Aktarım (Transferans) – bir kişiyle yaşanan deneyimlerden kaynaklanan duyguların bir diğerine yöneltilmesi. Örneğin daha önce baskıcı bir annebabaya karşı hissedilen endişe ya da saldırganlık duyguları, sonradan otoriteye karşı da hissedilebilir.
Geri çekilme – stresli koşullardan bedensel ve duygusal olarak geri çekilmek, vazgeçmek. Tipik özellikleri ilgi ve isteğin kaybolması, kayıtsızlık (apati) ve hayallere dalmaktır.

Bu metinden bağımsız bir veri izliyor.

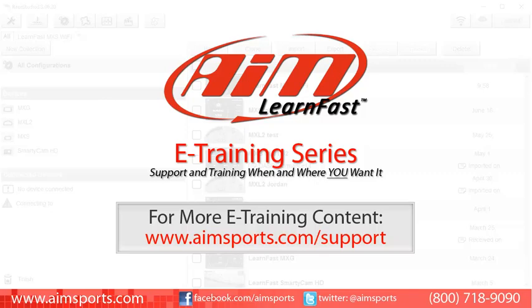For more AIM Sports LearnFast e-training content and information about upcoming on-site training seminars, visit www.aimsports.com forward slash support. Your source for support and training of AIM Sports products when and where you want it.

ALTIN KURALLARIN KULLANILMASI
Sayfa 70-71’de belirtilen Altın Kurallar’a uyarsanız, daha sakin ve daha rahat bir insan olursunuz. Tam yarar görebilmek için bu konu üzerinde çalışmayı sürdürmelisiniz; kolay bir rutin oluşturun ve sadece birkaç gün için değil, sürekli olarak buna bağlı kalın. Kendinizi eğlendirmeyi unutmayın – stresin en iyi ilacı budur. Her gün en az bir saat gevşemeye ve olayları daha hafife almaya gayret edin – sıcak bir banyo, kendinize zaman ayırma, hoş duygular yaşama, rahatlatıcı bir yürüyüş ya da ilginç bir kitap okuma, strese yol açan şeylerden kurtulmanıza yardım edebilir.
Derin ve yavaş bir nefes alın, ona kadar sayın ve yeniden düşünün. Her seferinde bir günü düşünün – kötü geçen bir günü öylece kabul edin, yarın daha iyi olabilir.